▸ **DATA UNDER STUDY**
BEGIN

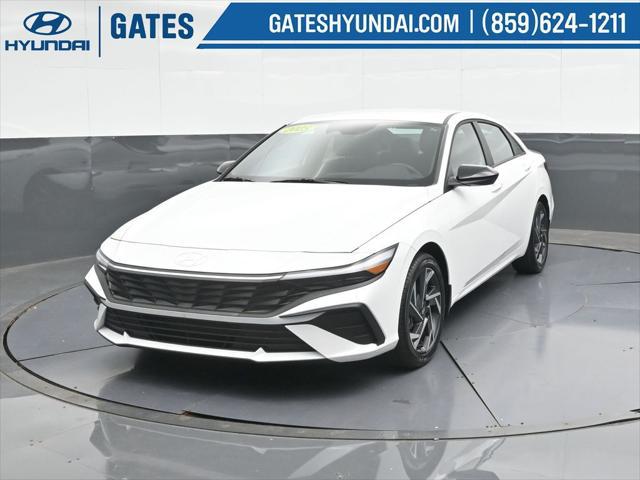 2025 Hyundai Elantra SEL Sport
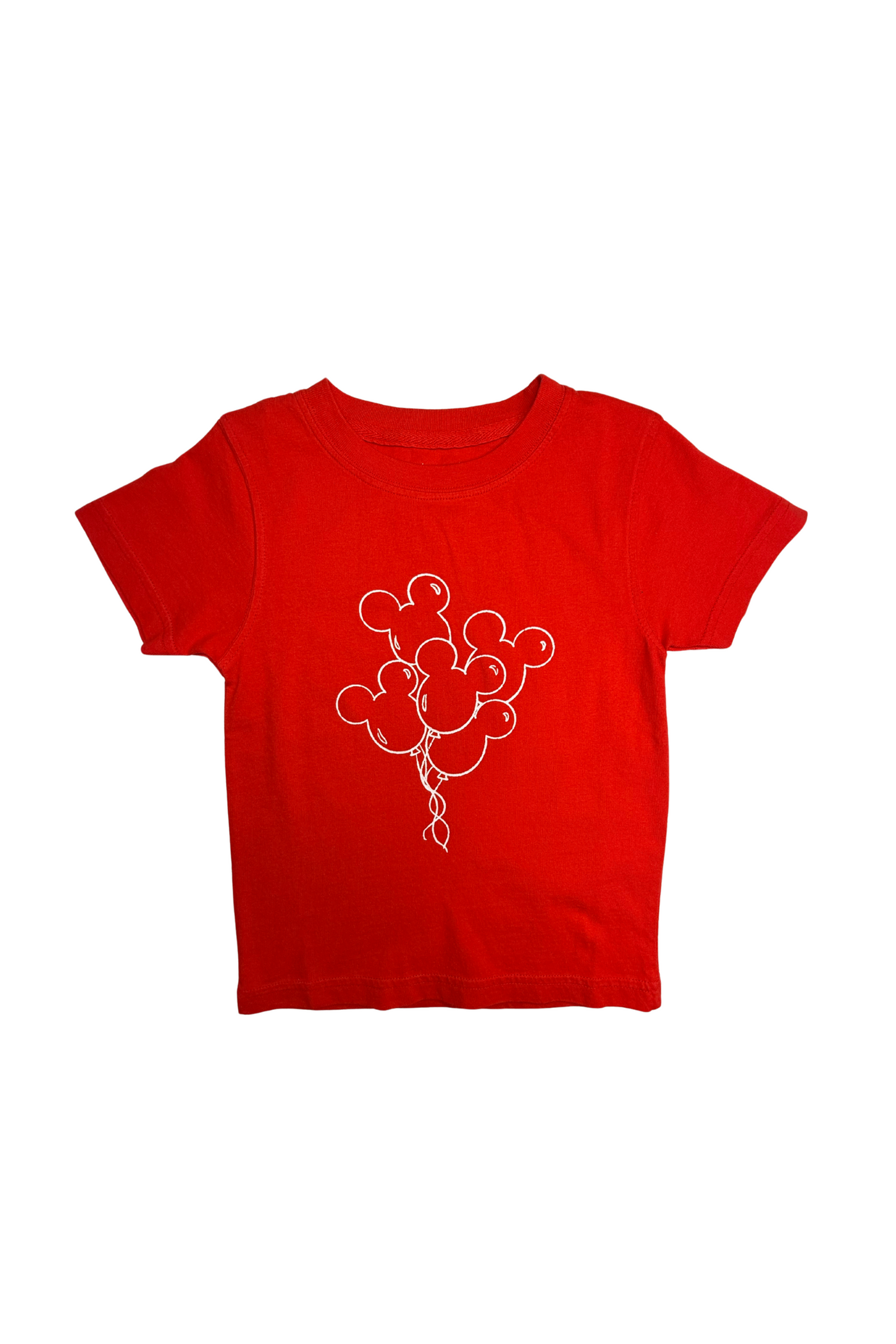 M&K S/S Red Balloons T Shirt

END
BEGIN

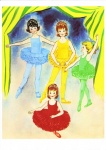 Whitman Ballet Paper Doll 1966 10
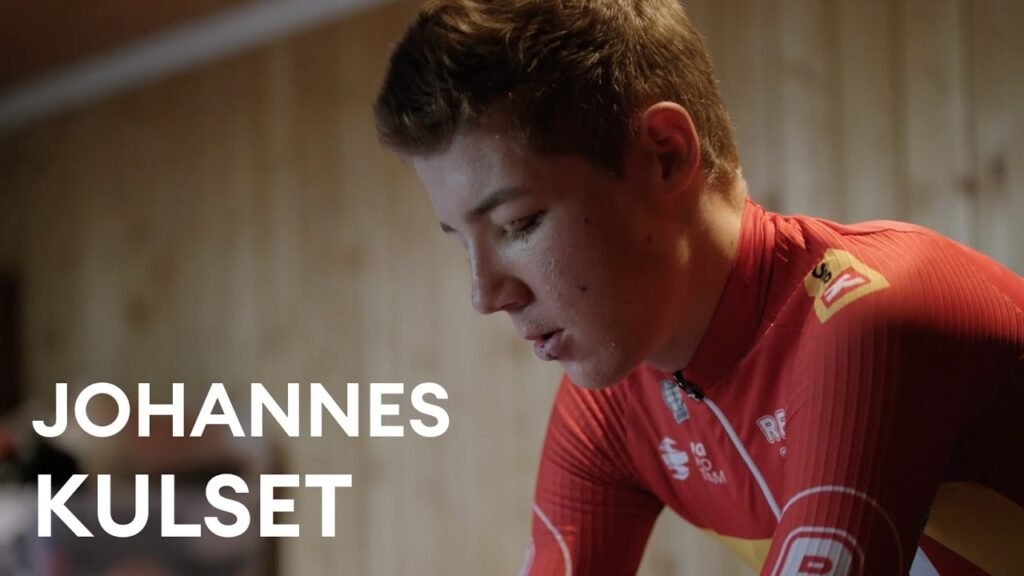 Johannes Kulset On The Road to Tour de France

END

▸ **PROBLEM**
In the records above, copy exactly everything from the line that has "2025 Hyundai Elantra SEL Sport" down to the line that has "M&K S/S Red Balloons T Shirt", both ends included, and leave out the pictures.

▸ **SOLUTION FOR THIS PROBLEM**
 2025 Hyundai Elantra SEL Sport
 M&K S/S Red Balloons T Shirt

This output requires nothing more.